#### Problem details
Print, unchanged, the line containing "Electric Bike for" along with all lines that follow it to the end of the listing.

• • • • • • •

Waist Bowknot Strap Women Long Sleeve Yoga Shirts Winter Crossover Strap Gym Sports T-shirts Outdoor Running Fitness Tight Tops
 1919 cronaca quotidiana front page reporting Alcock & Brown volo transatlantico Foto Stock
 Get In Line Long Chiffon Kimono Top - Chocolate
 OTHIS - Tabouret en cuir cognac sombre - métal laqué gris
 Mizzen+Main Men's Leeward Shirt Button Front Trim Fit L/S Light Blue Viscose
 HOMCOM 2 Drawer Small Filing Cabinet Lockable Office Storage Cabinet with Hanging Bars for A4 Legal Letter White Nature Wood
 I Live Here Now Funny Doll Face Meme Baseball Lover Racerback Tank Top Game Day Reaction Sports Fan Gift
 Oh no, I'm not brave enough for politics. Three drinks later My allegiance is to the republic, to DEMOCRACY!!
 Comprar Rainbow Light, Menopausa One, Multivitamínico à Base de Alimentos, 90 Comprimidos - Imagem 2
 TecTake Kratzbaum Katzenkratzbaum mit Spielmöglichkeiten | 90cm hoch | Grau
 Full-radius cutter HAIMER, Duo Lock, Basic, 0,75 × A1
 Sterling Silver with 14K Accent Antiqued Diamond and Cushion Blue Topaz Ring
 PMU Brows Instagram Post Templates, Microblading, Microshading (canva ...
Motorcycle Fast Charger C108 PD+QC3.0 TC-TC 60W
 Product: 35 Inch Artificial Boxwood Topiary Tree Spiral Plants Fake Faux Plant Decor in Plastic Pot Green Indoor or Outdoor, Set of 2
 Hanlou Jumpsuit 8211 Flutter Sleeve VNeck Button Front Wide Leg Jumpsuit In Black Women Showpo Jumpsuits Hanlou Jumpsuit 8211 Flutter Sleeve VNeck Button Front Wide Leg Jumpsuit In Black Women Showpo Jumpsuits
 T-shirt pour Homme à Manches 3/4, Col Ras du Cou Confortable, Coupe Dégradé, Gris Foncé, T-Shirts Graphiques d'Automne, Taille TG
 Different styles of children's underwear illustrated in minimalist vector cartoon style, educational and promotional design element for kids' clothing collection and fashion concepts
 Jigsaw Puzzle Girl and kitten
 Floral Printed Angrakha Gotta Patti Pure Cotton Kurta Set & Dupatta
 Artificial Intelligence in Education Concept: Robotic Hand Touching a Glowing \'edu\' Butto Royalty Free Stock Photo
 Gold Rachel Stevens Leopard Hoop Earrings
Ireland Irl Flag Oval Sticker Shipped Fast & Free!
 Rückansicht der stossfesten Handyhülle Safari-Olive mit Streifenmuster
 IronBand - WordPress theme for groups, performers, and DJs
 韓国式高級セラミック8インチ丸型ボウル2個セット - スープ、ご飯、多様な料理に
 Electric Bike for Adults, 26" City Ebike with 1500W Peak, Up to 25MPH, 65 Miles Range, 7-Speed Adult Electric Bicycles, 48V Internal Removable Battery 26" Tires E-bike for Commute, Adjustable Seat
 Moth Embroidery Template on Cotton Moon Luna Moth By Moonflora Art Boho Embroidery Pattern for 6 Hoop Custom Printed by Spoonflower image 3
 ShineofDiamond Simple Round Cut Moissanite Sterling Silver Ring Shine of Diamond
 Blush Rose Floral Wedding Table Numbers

• • • • • • •

#### Solution to this problem
 Electric Bike for Adults, 26" City Ebike with 1500W Peak, Up to 25MPH, 65 Miles Range, 7-Speed Adult Electric Bicycles, 48V Internal Removable Battery 26" Tires E-bike for Commute, Adjustable Seat
 Moth Embroidery Template on Cotton Moon Luna Moth By Moonflora Art Boho Embroidery Pattern for 6 Hoop Custom Printed by Spoonflower image 3
 ShineofDiamond Simple Round Cut Moissanite Sterling Silver Ring Shine of Diamond
 Blush Rose Floral Wedding Table Numbers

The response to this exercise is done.